## Friday, June 17, 2011

### Festschrift for Václav Klaus

I wish happy birthday to Gene!

Yesterday, Leonard Susskind and his exp(exp(exp(exp(120)))) clones in the hypermultiverse celebrated their 71st birthday, congratulations, too.

Your humble correspondent has just returned from another celebration - of the Czech President's 70th birthday - which took place at the Prague Castle. Václav Klaus is an unmatched heavyweight of Czech politics. Having spent more than 21 years at the very top of the Czech politics, he has already beaten the founder of Czechoslovakia, Tomáš Garrigue Masaryk, who was our president for 17 years (1918-1935).
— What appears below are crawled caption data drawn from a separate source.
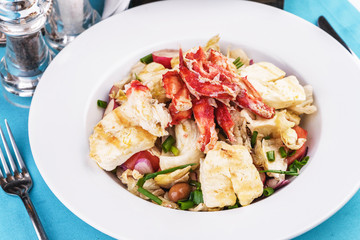  European recipe, Mediterranean dish. Roast vegetables - radish, greens, onions, olives, cabbage, with pasta in a creamy sauce with crab meat and fish pieces.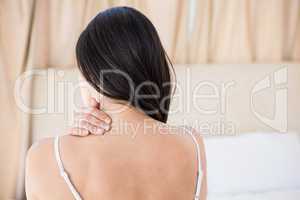 Pretty brunette with neck pain on bed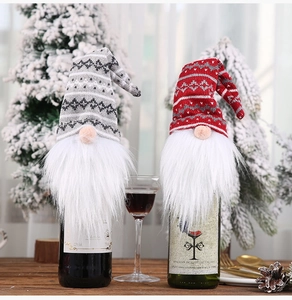 Close-up of gray and red knitted gnome wine bottle covers with white Nordic patterns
Well, just to be sure, Franz Joseph I of Austria was our emperor since 1848 to 1916 - almost 68 years. ;-)

There are many legends about Klaus's extraordinary abilities etc. Many of them sound as jokes but all of them are true. :-) Our leader is clearly in a top Olympic condition. You want to be in this shape when you're 70 - and maybe even when you're 60 or 50. :-)

In total, 54 authors have contributed to the Festschrift for Václav Klaus. About 20+ of them are Czechs; about 30+ of them are from abroad. Most of the readers will be more likely to know that latter group - so let me mention some names: Spanish ex-PM José María Aznar; geologist Bob Carter of Australia; Martin Feldstein of Harvard, an ex-adviser of Ronald Reagan; climatologist and new ice age proponent George Kukla; Nigel Lawson, baron of Blaby, chancellor of the exchuequer under Thatcher; and many others.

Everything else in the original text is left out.